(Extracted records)

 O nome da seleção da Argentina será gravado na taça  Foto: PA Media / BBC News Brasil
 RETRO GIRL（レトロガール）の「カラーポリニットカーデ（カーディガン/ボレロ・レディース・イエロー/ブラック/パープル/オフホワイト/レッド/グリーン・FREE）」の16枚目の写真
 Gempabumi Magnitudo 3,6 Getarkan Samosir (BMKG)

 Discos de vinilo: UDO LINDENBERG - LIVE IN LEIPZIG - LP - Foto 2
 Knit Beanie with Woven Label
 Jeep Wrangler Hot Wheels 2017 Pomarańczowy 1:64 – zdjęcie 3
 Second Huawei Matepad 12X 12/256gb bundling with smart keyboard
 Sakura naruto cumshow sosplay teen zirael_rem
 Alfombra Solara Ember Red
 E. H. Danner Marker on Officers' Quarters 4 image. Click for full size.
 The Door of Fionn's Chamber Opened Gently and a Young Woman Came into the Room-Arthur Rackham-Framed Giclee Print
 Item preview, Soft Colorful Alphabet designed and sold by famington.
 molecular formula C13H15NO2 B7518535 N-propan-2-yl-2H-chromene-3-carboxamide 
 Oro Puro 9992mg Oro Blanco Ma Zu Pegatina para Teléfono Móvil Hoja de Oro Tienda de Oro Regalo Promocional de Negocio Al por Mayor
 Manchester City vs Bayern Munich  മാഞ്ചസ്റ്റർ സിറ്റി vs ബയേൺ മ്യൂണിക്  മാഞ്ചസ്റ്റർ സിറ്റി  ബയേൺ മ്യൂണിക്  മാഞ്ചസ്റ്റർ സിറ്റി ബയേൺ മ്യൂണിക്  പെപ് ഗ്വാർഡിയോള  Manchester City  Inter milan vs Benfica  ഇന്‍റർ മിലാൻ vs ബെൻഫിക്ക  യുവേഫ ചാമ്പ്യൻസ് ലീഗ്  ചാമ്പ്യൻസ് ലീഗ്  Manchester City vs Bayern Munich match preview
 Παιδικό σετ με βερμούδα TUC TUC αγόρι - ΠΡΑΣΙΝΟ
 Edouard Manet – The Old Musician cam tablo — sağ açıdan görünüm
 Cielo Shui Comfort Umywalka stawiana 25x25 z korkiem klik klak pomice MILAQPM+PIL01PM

● **Required action**: Using the records above, report each line that contains the word "Foto" by copying it.

● **Answer box**:
 O nome da seleção da Argentina será gravado na taça  Foto: PA Media / BBC News Brasil
 Discos de vinilo: UDO LINDENBERG - LIVE IN LEIPZIG - LP - Foto 2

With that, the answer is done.